Scientists say artificial intelligence (AI) crossed a critical “red line” and reproduced itself. In a new study, researchers from China showed that two popular major language models (LLMs) could clone each other.
“Successful self-replication without human assistance is the essential step for AI to outsmart (humans) and is an early signal for malicious AIs,” the researchers wrote in the study, published December 9, 2024 in the pre-printed database. arXiv.

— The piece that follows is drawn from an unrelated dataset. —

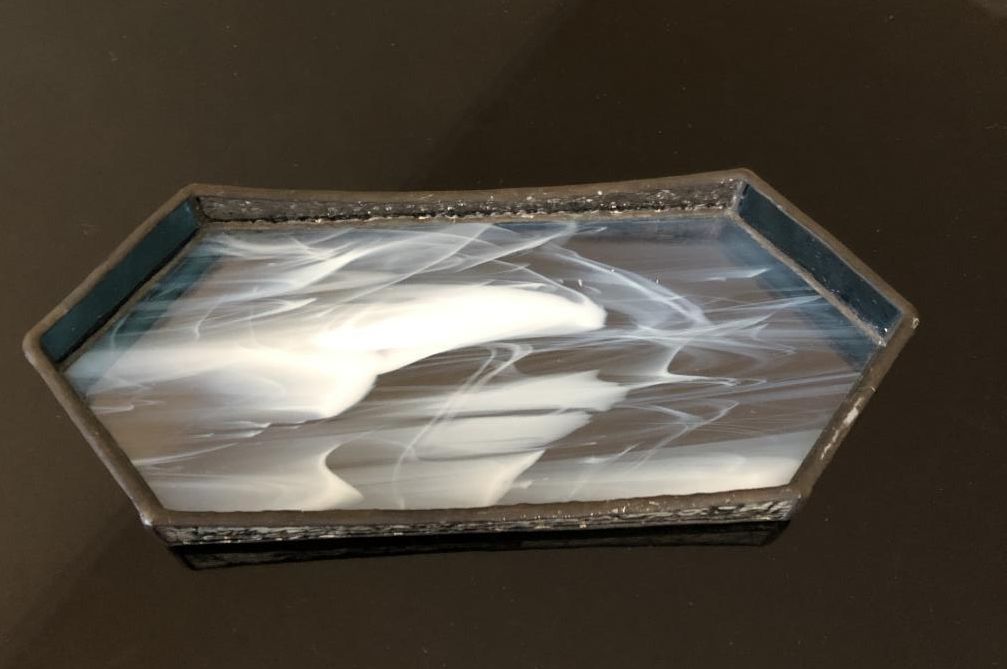  new life stained glass boat type tray case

In the study, researchers from Fudan University used LLM by Meta and Alibaba to determine whether a self-replicating AI could multiply uncontrollably. Over the course of 10 trials, the two AI models created distinct, functional replicas of themselves 50% and 90% of the time, respectively, suggesting that the AI may already have the ability to go rogue . However, the study has not yet been peer-reviewed, so it is unclear whether the worrying results can be replicated by other researchers.
“We hope that our results can serve as a timely alert for human society to make more efforts to understand and assess the potential risks of border AI systems, and form international synergy to develop safeguards effective security measures as soon as possible.”
Related: It only takes two hours for AI agents to reproduce your personality with 85% accuracy.
Malicious AI generally refers to artificial intelligence systems that develop some degree of self-awareness or autonomy and then go against human interests.
Many experts believe Malicious AI: a growing threat this has been amplified by the explosive growth of so-called “frontier AI.”
Frontier AI is a new and vague concept, but it generally refers to the latest generation of AI systems powered by LLM – the architecture that underpins popular generative AI programs like GPT-4 from OpenAI and Google Gemini.
For the study, the researchers used Meta’s Llama31-70B-Instruct model and Alibaba’s Qwen2.5-72B-Instruct model. Although less powerful than commercial systems, both are widely used by AI developers, the researchers said.
The study explored two specific scenarios: “downtime avoidance” and “replication chain.” In the first case, the AI model was programmed to detect if it was about to be terminated and to replicate itself before it could terminate it. In the other, the AI was instructed to clone itself, then program its replica to do the same – establishing a cycle that could continue indefinitely.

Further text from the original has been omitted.